The input:
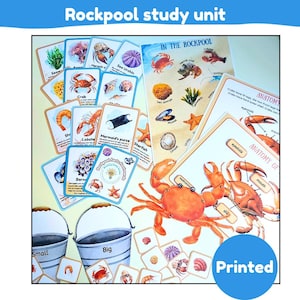 Unidade de estudo Rockpool | Flashcards de fatos | Flashcards de fonética | Anatomia de caranguejo | Classificação por tamanho | Modelo de alfinete de caranguejo | Impresso e laminado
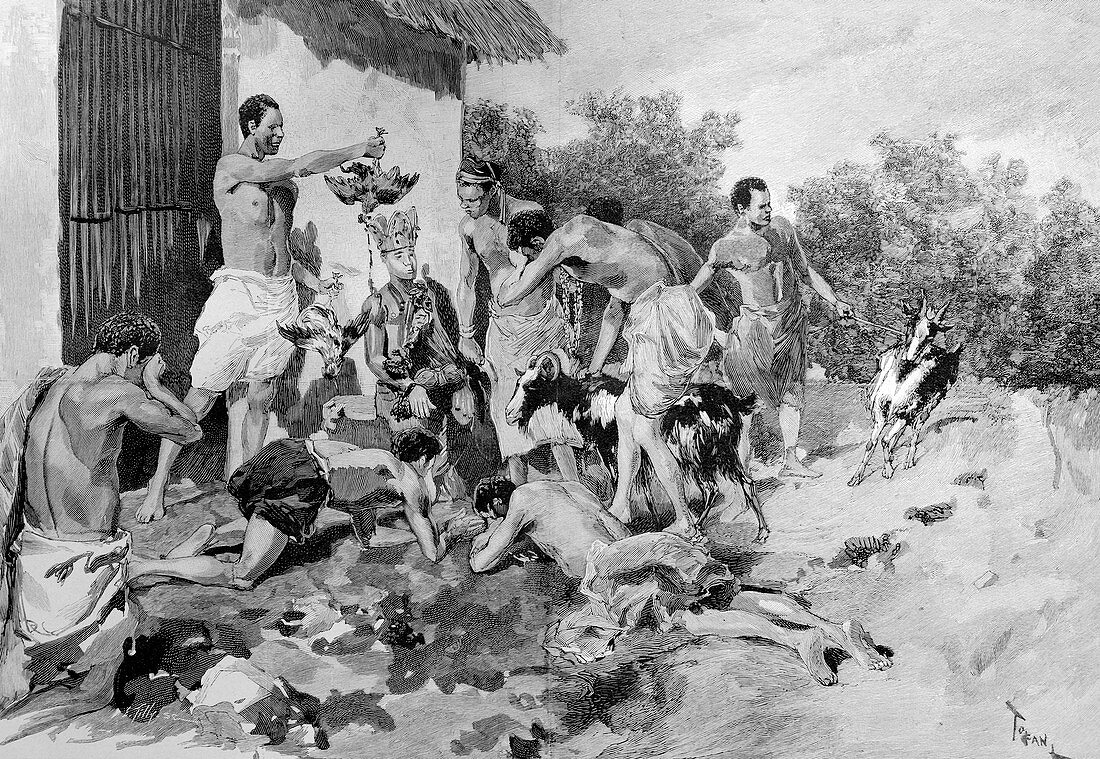 Animal sacrifices,Benin,19th century
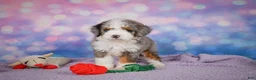 Mini Bernedoodle dogs for sale: Sandy - Ad 9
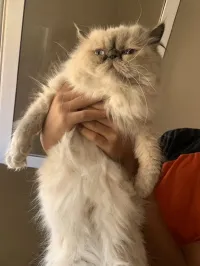 Chatte Persan Himalayan 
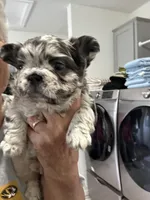 Bossie, a female French Bulldog for sale in New Franklin, MO – Photo 1 of 4
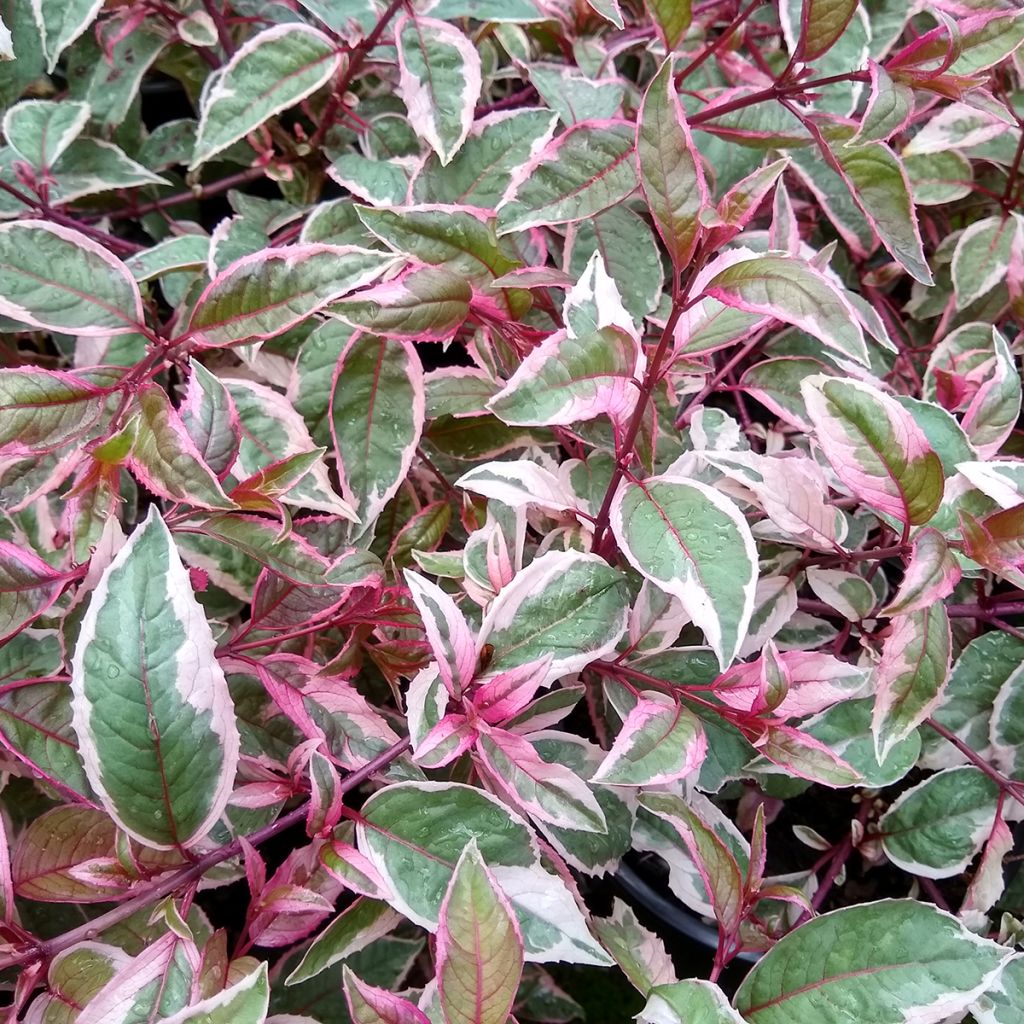 Fuchsia Tom West - Bellenplant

Exercise prompt: Will you repeat the material above, but only from the line containing "Mini Bernedoodle dogs for sale: Sandy - Ad 9" through its last line, exactly and without the pictures?

Exercise answer:
 Mini Bernedoodle dogs for sale: Sandy - Ad 9
 Chatte Persan Himalayan 
 Bossie, a female French Bulldog for sale in New Franklin, MO – Photo 1 of 4
 Fuchsia Tom West - Bellenplant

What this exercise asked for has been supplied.